Hora feliz era a hora de comprar roupa: no fim do ano, geralmente único momento do ano de fazer compras, salvo se houvesse algum motivo em especial. O par de tênis era usado até estourar, a roupa até não servir.

E a vida na roça não era ruim, não. Quando era adolescente, me sentia diferente porque era a única das colegas da escola que tinha essa vida, que trazia as mãos calejadas e nunca um esmalte nas unhas. Mas era assim que eu conhecia. E tinha meu tempo de estudar respeitado, absolutamente venerado pelos meus pais. Quando eu quis escrever um livro, nos meus dezesseis anos, o pai se virou para conseguir uma máquina de escrever emprestada, e respeitavam minhas horas de datilografia, mesmo na hora da novela. Se tinha prova na escola, a única tarefa era tirar o leite - resto do período livre para estudar. Ninguém faz barulho, ninguém atrapalha. Sempre foi assim. Isso quando não vinha a mãe ajudar, enquanto ainda nas primeiras séries, lá com o professor Avelino.

- Mãaaaaaaaaaaaaaaaaaaaaaaaeeee!
- Quêee?!
- Eu não consiiiiiiiiiiiigo essa conta de dividir que tem dois números no denominadorrrr!!!
- Mas tu nem tá ainda estudando isso!!! A tua tarefa é só com um número!
- Mas e se tiver dois na conta?! Eu querooooo sabeeeeer!
- Pare de chorar! Quando eu subir eu te ensino. Espere acabar de cortar essa lenha!

Tenho braços definidos da lida na roça mesmo, moça. Na academia eu só melhoro o que eu ganhei com a vida, com o que adquiri de experiência nada leve até meus 17 anos, até o dia em que passei no vestibular e no primeiro emprego, e saí de casa para começar a minha vida.

Engraçado é que o meu curriculum começou a partir daí... Não era certo eu contar tudo isso como experiência? Quem disse que isso não vale? Essa dureza me ensinou a persistir na tarefa por muitos anos, mesmo quando eu não gostava totalmente, a ver que dava resultado, a saber o quanto custava o sustento de uma família, a sentir no peito a tristeza quando via por algum motivo o leiteiro não vir e a gente perder tantos litros de leite sem vender, a sentir quando uma vaca ficava doente, quando o pai ou a mãe ficavam doentes. Me ensinou a fazer mesmo quando eu tinha nojo, da aparência, do cheiro, e a aprender que o nojo passava quando a gente se habituava. Me ensinou a respeitar a todos, me ensinou que lá na cidade as pessoas dependiam das coisas que eu e meu pai plantávamos, colhíamos, do leite que ordenhávamos. Me ensinou sobre a lei da oferta e da procura, quando passávamos tempos mais apertados por causa do preço do litro do leite, ou quando a chuvarada fazia o feijão que plantamos apodrecer na roça.
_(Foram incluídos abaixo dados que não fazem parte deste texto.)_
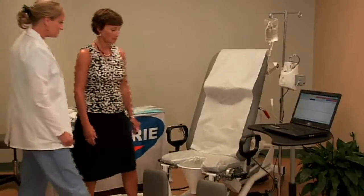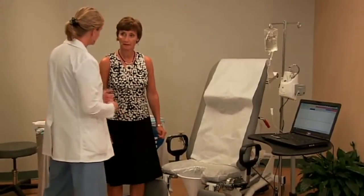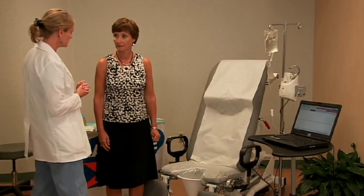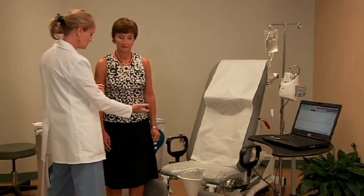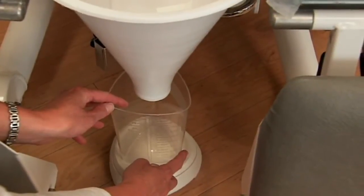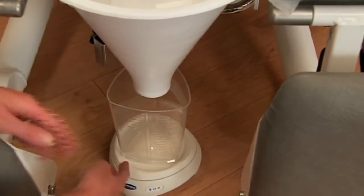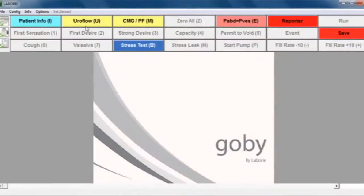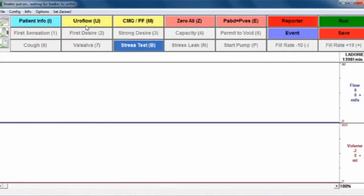Now you're ready for your patient. The first test you'll usually perform is Uroflow. Be sure to place the beaker properly under the funnel. On your laptop, click on the next button, which is Uroflow.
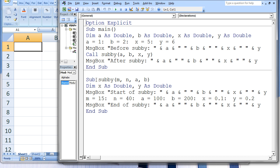When subE is terminated, the variables a, b, m, n, x, and y inside subE are terminated as well, and the information stored in them is lost forever. Back in main, the last message box displays after subE and then the value of a, b, x, and y. The value of these four variables in main are 15, 40, 100, and 200. When the end sub statement is executed, the subprocedure main is terminated, and the variables a, b, x, and y in main are also terminated.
A vida do meu curriculum atual não conta essas coisas. Então eu saí de uma cidade, fui para outra, cursei uma faculdade, e por competência conquistei algumas coisas na vida, um emprego bom, algumas promoções, com pouca idade já alguns cargos de chefia, um salário melhor. Sou escritora, maquiadora, blogueira, gosto de moda, me considero uma pessoa conectada. Mas sou PA-TRÍ-CIA, não patricinha. Sacou o PÁ do meu nome? É isso que sou. Acompanhada de TRI. Coisas fortes. E aí alguém - um ignorante, no sentido exato da palavra, "aquele que nada sabe", olha de fora e diz:
- Aquela ali deve ter as costas quentes! Ou tem sorte, só pode!

Não, bem. Eu tenho caráter, competência e disciplina. São a minha maior - e melhor - experiência.
Obrigada, pai e mãe, pelo melhor curriculum que alguém pode ter nesse mundo de gente tão fútil.